I read a lot about the economy and what the experts say about it, but I get the best feel for what is happening from talking with my clients. People need mortgage money whether the economy is up, or down, but they need it for different reasons. When the economy was flying high, a typical phone call would be about buying a new, bigger home, starting an addition to their current home or buying a vacation home. I’m still doing a fair amount of new purchases, but a lot of my calls now are about cash out refinances to consolidate debt. It always makes sense to make sure your mortgage is in line with your overall finances, but it is especially important when money is tight. A debt consolidation loan can help you to restructure your debt in a way that puts more money in your pocket and gives you a plan to actually pay down your debts.
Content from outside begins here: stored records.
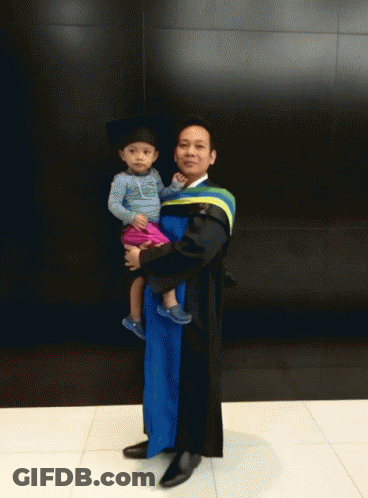 Man In Graduation Gown Holding Baby GIF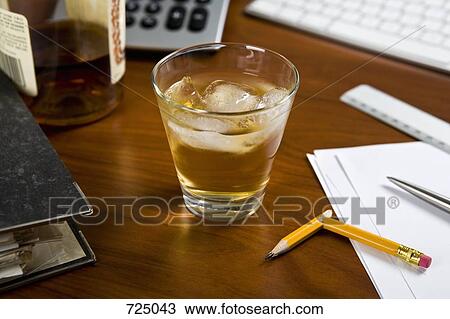 A glass of whiskey and ice on an office desk View Large Photo Image Stock Image - A glass of whiskey and ice on an office desk. Fotosearch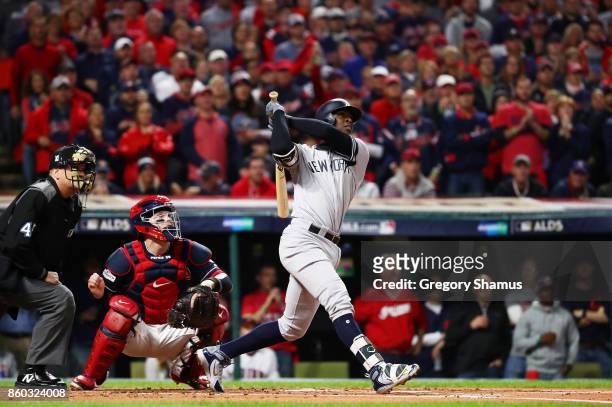 Didi Gregorius of the New York Yankees hits a solo homerun in the first inning against the Cleveland Indians in game five of the American League...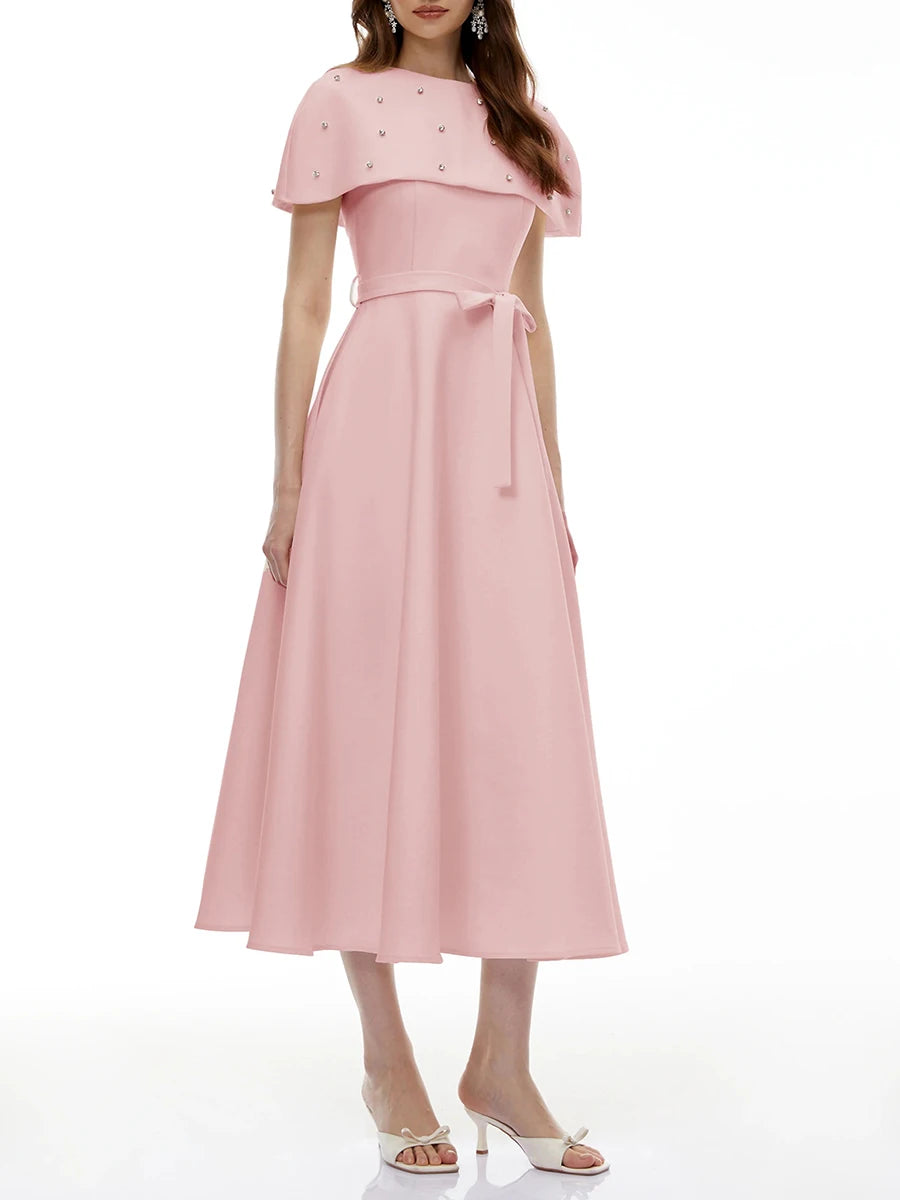 Full view of a pink midi dress with a sash belt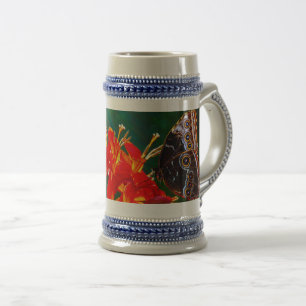 Blue morpho butterfly on Crocosmia Lucifer flowers Beer Stein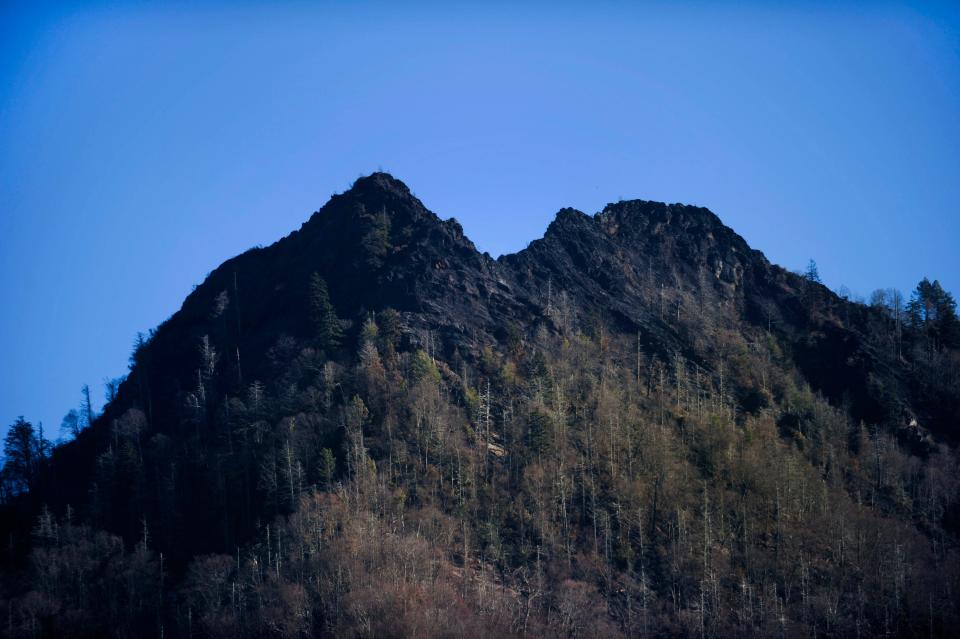 Dec 2, 2016; Gatlinburg, TN, USA; The wildfire-scarred Chimney Tops is pictured in the Great Smoky Mountains National Park. Officials say the fire that has killed 13 people and destroyed more than 700 structures started here on Nov  23. The fire is human caused and under investigation. Mandatory Credit: Paul Efird/Knoxville News Sentinel via USA TODAY NETWORK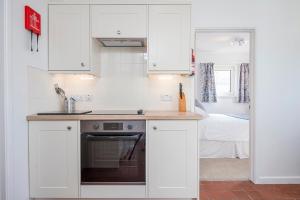 a kitchen with white cabinets and a stove top oven at Agos Y Mor in Haverfordwest +25 photos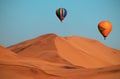 Colored hot air balloons flying over the sand dunes at sunset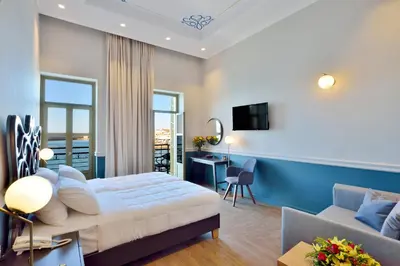 a bedroom with a bed and a desk and a couch at Elia Palatino Hotel in Chania Town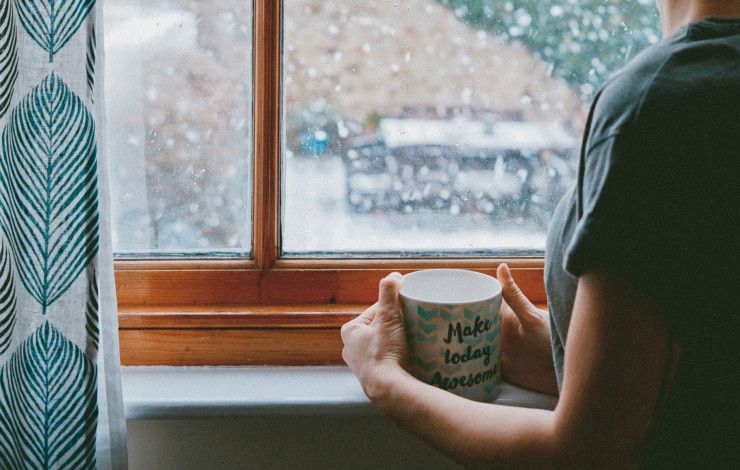 Person holding mug saying make today awesome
Most people look at their home mortgage and other debt separately. For many people their home is their security and paying it off quickly is their biggest financial goal. It’s not unusual to find someone who has a 15 year mortgage because they are trying to pay down their home quickly, but also has a big balance on their credit cards. The problem here is that the mortgage rate is almost always lower, and tax deductible besides. If you are carrying a balance on your credit cards you are paying interest on the interest, and if you pay the minimum payment there is almost no way to get rid of the debt. What is your over-all debt level? Are you feeling pressure making all the payment on your credit cards and other consumer debt? This is where the debt consolidation mortgage comes in.
A debt consolidation mortgage is a type of cash-out refinance where you use the equity in your home to pay off high interest debts. If you have owned your home for a few years, chances are you’ve built up some equity. Here in the Chicago area, even in this soft real estate market, appreciation has driven home prices much higher over the last years. If you are like most people, the equity in your home may be your biggest asset or source of wealth. A debt consolidation refinance doesn’t change the amount of money you owe, what it does is restructure the type of debt. By converting credit card and consumer debt into your mortgage you can lower your monthly payments, increase your tax benefits and use the savings to pay down your debt or start a savings plan. With conventional mortgages you can remortgage up to 90% of your home’s value for a cash-out loan, but the best rates are available at 70% of the appraised value ( We do have one lender who will loan 100% of your value). With an FHA loan you can take out up to 95% of your home’s appraised value at the best rates.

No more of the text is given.